Vaca Muerta is producing a record 91 million cubic meters of gas per day and in December will exceed the ceiling of 308,000 barrels of oil per day, said Omar Gutiérrez, governor of the Argentine province of Neuquen, where the unconventional formation is located.
The area, which has the second largest shale gas reserves and the fourth largest shale oil reserves in the world, is Argentina's great bet to reverse its energy deficit, although for the moment only 8% of its extension is under development, with investments of 5.5 billion dollars this year.
Exports from Vaca Muerta will be 2 billion dollars in 2022, almost five times the exports of the previous year, while the increase in production allowed the country to reduce energy imports by 4 billion dollars for the southern winter, explained Gutiérrez in an event at the headquarters of the Argentine Industrial Union (UIA), in Buenos Aires.
"Vaca Muerta generated that, instead of 52 ships (of liquefied natural gas, as in 2021) being imported, 22 ships were imported," he detailed.
Gutiérrez also highlighted the need to develop infrastructure such as gas and oil pipelines, which will allow increasing the transportation capacity from Vaca Muerta, both to increase local supply and to export.
The government of President Alberto Fernández made progress in the bidding process for the construction of a new gas pipeline that will link Vaca Muerta with the province of Buenos Aires in a first stage. The works would start in October.

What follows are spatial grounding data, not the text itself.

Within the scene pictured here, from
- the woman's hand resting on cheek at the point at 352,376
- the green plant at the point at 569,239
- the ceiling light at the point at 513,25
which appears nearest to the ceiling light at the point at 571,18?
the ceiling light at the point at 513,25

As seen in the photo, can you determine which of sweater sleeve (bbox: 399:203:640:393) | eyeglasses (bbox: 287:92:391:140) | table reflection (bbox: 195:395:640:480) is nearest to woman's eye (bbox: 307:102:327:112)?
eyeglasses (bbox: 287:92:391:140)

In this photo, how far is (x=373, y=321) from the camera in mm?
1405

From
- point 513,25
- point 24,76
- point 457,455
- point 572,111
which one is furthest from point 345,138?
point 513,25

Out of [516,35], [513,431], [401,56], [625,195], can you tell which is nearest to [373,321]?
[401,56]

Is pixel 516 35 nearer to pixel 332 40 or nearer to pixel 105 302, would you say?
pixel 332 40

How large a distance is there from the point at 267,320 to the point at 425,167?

Luis Betnaza, UIA executive and director of Techint, the company in charge of the supply of pipes and the construction of a large part of the gas pipeline, said that although there are "stressful logistics", they expect to arrive on schedule.

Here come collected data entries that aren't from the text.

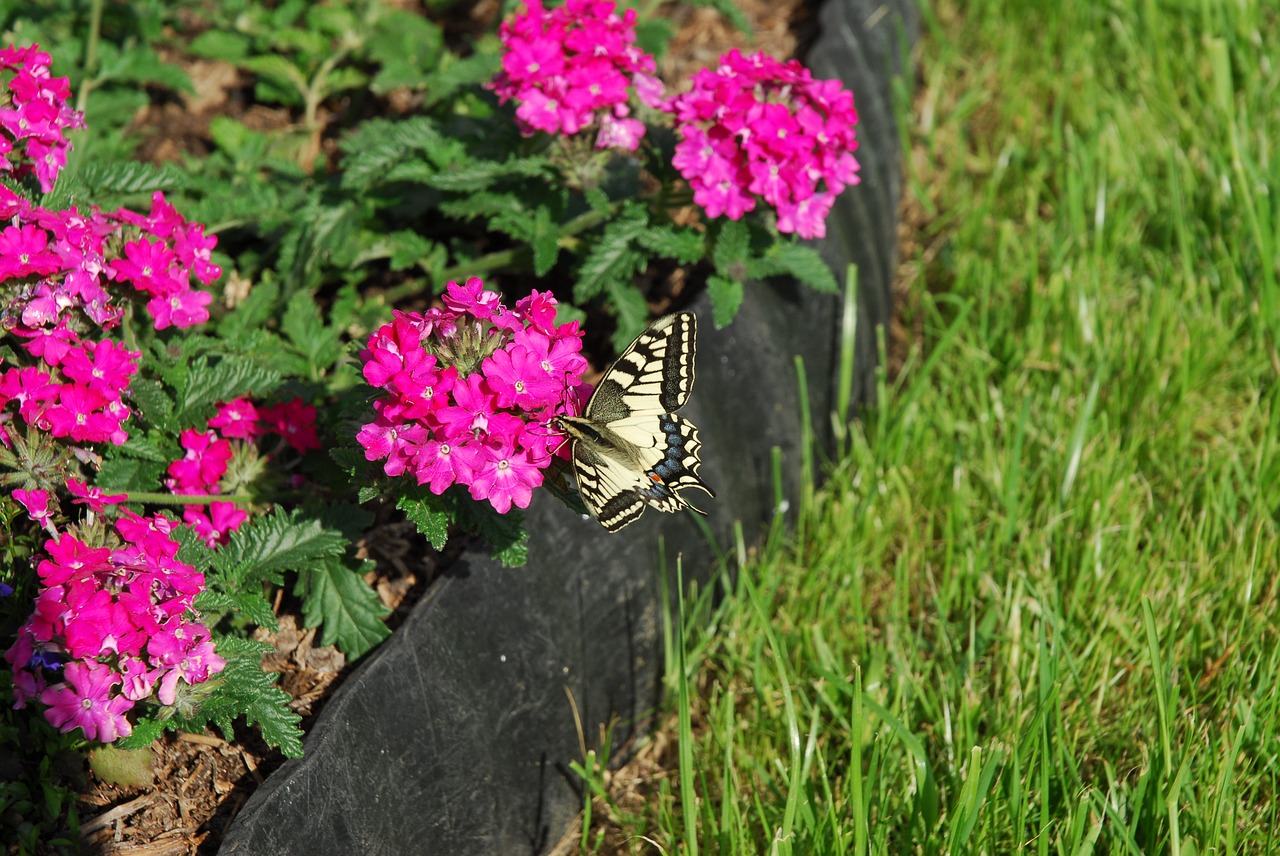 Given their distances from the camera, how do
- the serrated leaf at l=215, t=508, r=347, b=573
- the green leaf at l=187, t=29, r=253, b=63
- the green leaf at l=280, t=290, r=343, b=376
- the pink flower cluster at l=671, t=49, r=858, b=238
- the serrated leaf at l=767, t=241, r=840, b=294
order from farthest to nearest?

"We are talking about the fact that 180 trucks of pipe will have to leave the Valentín Alsina plant (in Buenos Aires) every day, with quite complex logistics," explained the executive of the group that controls global giants such as Ternium and Tenaris.
"400 new jobs have been taken, people have been trained, purchase orders have been placed for the sheet metal (...) to bring from Brazil in the coming months," he added.
Argentina imports around 20% of the gas it consumes. The gas pipeline will allow in the first stage to increase the transportation capacity from Vaca Muerta by 11 million cubic meters per day and will generate savings of about 2.2 billion dollars in imports in 2023, according to official estimates.